Monday, 14 December 2015: 16:30
302 (Moscone South)
Chunquan Yu, MIT, Cambridge, MA, United States, Robert D van der Hilst, Massachusetts Institute of Technology, Cambridge, MA, United States and Wang-Ping Chen, Formerly at University of Illinois, Urbana-Champaign, IL, United States; Now at Ocean College, Zhejiang University, Hangzhou, China
Abstract:
How surface topography is supported at depth is a long-standing question in geodynamics. Overall, the western United States (US) stands high compared to the North American craton, but it has remained a challenge to distinguish crustal and mantle support of this topography due to the complex tectonic history of the western US and inadequate knowledge of crustal structure.

We provide new seismological constraints on crustal structure using virtual deep seismic sounding (VDSS). VDSS uses SV-to-P wave conversion at the free surface near each seismograph as a virtual source, which, in turn, generates a strong, post-critical reflection off the Moho. This signal remains robust even if the Moho is complex or transitional in nature. Compared to traditional receiver functions, VDSS is less prone to contamination by scattering from other crustal structures, such as thick sediments or intra-crustal discontinuities. More important, VDSS can provide simultaneous constraints on both the total thickness and the overall P-wave speed of the crust – two key parameters for estimating the crustal contribution to isostasy.

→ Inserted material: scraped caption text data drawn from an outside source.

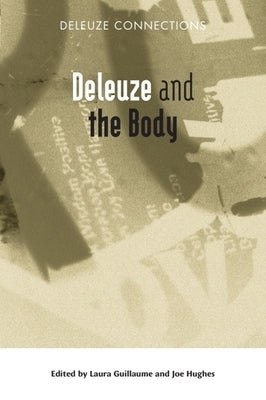 Deleuze and the Body by Guillaume, Laura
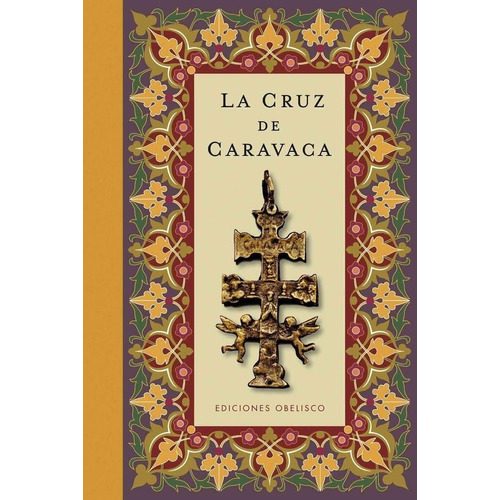 La Cruz De Caravaca - Ediciones Obelisco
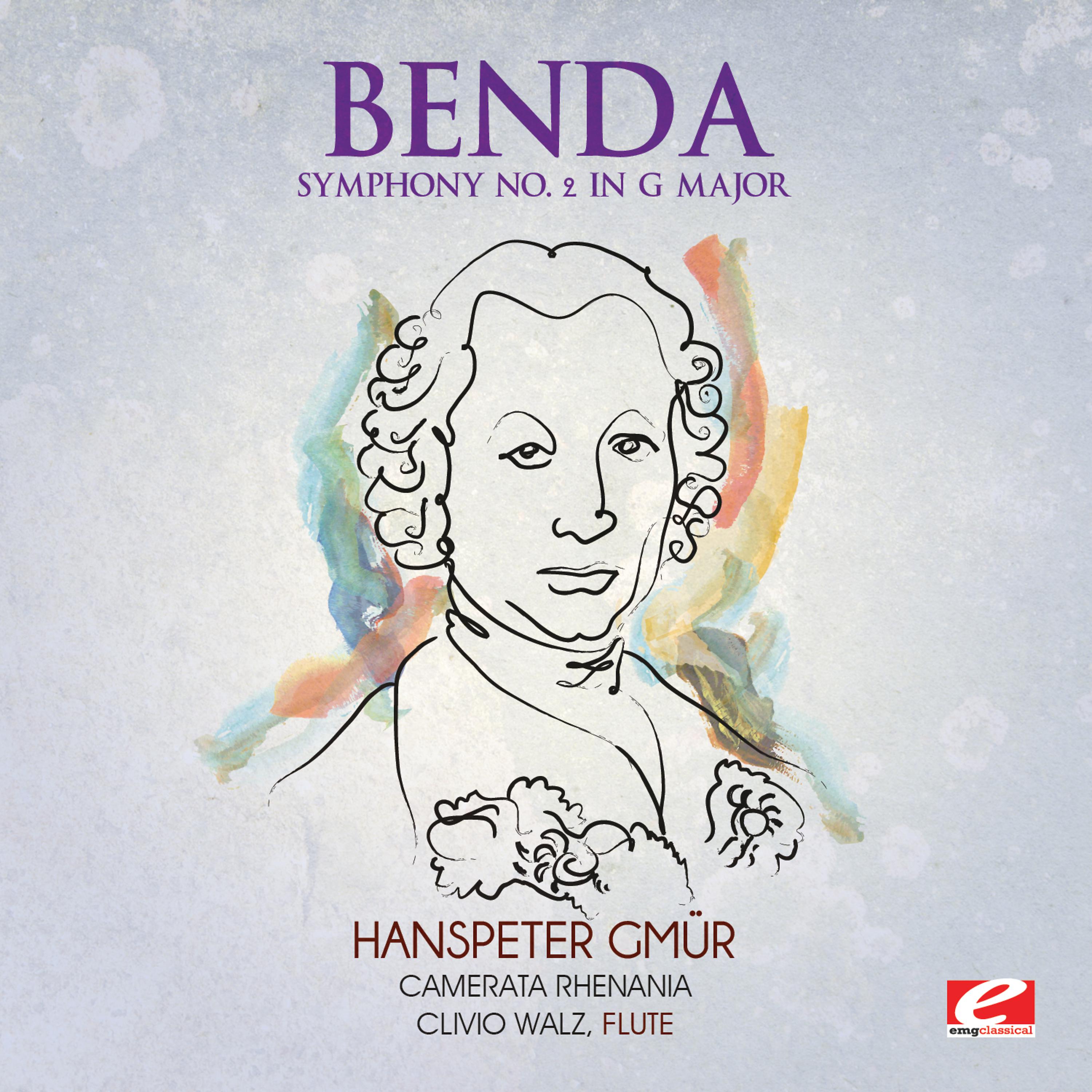 Постер альбома Benda: Symphony No. 2 in G Major (Digitally Remastered)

Based on data from USArray (EarthScope), we estimate the residual topography (that is, the difference between observed elevation and that predicted from the Airy model given the inferred crustal structure) in the western US (Figure 1). Positive values, indicative of mantle-supported topography, are wide spread in the Great Basin, the southern Rocky Mountains, the Snake River Plain-Yellowstone system, and the High Lava Plains. The periphery of the Colorado Plateau, the Central Sierra Nevada batholith, and the Idaho batholith also show positive residual topography. In contrast, our analysis suggests that thick crust in the interior of the Colorado Plateau and the Wyoming craton provides more than enough support for the topography, consistent with a thick, cold lithospheric root below.